A biologist working off the Ross Sea in Antarctica has stumbled upon an assortment of Adélie penguin remains, some of which appeared to have died only recently. Turns out these dead penguins are actually quite ancient, having been newly exposed by the effects of global warming.
Four years ago, biologist Steven Emslie was perusing the Antarctic coastline on Cape Irizar of the Ross Sea when he came across the remains of Adélie penguins. He recognized them as such not from their appearance but by the unusual number of pebbles piled onto the area, which these penguins use to make nests. Many of the penguin carcasses, most of them chicks, appeared to be degraded and quite old, but a few looked as though they had died recently.

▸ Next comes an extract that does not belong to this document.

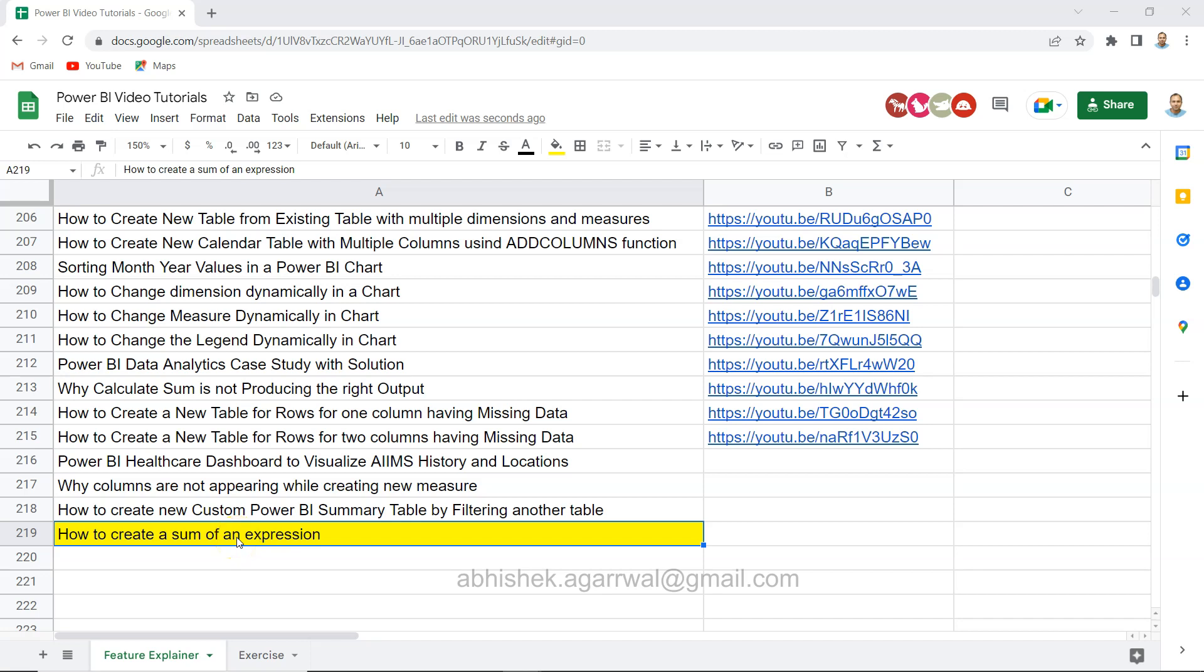Hello and welcome to the Power BI tutorial video. In this video I want to show you how you can create a sum of an expression. This is a very common requirement where in the front end we have an expression of which we want to take a sum.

That the remains of freshly deceased Adélie penguins could be found at Cape Irizar didn’t seem possible to Emslie. Today, the Ross Sea hosts nearly 1 million breeding pairs of Adélie penguins, but no active penguin colony has ever been observed on this spot since it was first explored by British explorer Robert Falcon Scott in the early 20th century.

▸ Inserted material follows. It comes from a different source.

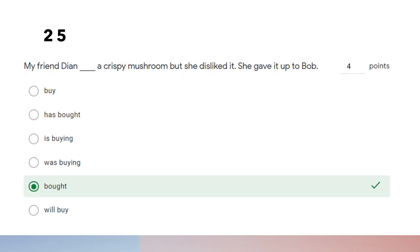Question twenty-five: 'My friend Dian bought a crispy mushroom but she disliked it. She gave it up to Bob.' From this situation we know that the happenings occurred in the past, indicated by the verbs 'disliked' and 'gave.' Therefore we use 'bought' — simple past tense.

As he continued to explore the area, Emslie found jumbles of penguin bones strewn across the surface, but also chick carcasses still covered in feathers. The degree of degradation seen on these chicks were consistent with what one might expect from carcasses found at the sites of modern colonies. He also found guano stains, which once again pointed to a recent occupation.
Figuring he found something important, Emslie summoned his colleagues to the site, where they extracted samples from the pebble mounds. As he explained in a statement issued by the Geological Society of America, his team “excavated into three of these mounds, using methods similar to archaeologists, to recover preserved tissues of penguin bone, feather, and eggshell, as well as hard parts of prey from the guano.” Emslie said the soil was “very dry and dusty, just as I’ve found at other very old sites I’ve worked on in the Ross Sea,” which also yielded abundant numbers of penguin remains.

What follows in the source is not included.